> ACTION ITEM: Your answer should consist of the lines holding "White", copied from the material below.

> MATERIAL FOR THE TASK:
┄┄┄┄┄┄

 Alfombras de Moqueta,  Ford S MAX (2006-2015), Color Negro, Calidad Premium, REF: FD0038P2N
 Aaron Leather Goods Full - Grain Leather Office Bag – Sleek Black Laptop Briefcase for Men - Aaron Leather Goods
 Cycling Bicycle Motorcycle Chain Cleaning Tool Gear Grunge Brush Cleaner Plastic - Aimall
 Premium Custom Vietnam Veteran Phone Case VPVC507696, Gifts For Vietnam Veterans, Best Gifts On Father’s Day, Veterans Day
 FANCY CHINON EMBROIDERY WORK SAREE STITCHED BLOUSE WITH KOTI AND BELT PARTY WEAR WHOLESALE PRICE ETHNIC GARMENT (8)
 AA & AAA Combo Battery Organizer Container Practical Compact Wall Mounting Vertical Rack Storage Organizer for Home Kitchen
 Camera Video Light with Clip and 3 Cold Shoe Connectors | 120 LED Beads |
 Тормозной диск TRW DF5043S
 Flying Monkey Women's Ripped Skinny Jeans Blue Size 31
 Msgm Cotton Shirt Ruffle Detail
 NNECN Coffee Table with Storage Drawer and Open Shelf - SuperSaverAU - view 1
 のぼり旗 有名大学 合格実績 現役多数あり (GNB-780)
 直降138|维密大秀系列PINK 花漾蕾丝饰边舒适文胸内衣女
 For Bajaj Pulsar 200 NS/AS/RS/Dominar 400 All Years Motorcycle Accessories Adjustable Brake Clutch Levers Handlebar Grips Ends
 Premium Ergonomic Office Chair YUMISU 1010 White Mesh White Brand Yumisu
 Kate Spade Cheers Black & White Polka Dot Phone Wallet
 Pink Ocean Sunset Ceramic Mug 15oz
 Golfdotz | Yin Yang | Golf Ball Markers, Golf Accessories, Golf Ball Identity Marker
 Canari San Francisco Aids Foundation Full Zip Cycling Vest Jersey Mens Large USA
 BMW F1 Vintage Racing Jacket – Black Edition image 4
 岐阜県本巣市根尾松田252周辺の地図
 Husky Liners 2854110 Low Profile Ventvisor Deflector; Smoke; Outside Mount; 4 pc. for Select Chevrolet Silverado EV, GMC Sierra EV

┄┄┄┄┄┄

> RESULT FOR THIS EXERCISE:
 Premium Ergonomic Office Chair YUMISU 1010 White Mesh White Brand Yumisu
 Kate Spade Cheers Black & White Polka Dot Phone Wallet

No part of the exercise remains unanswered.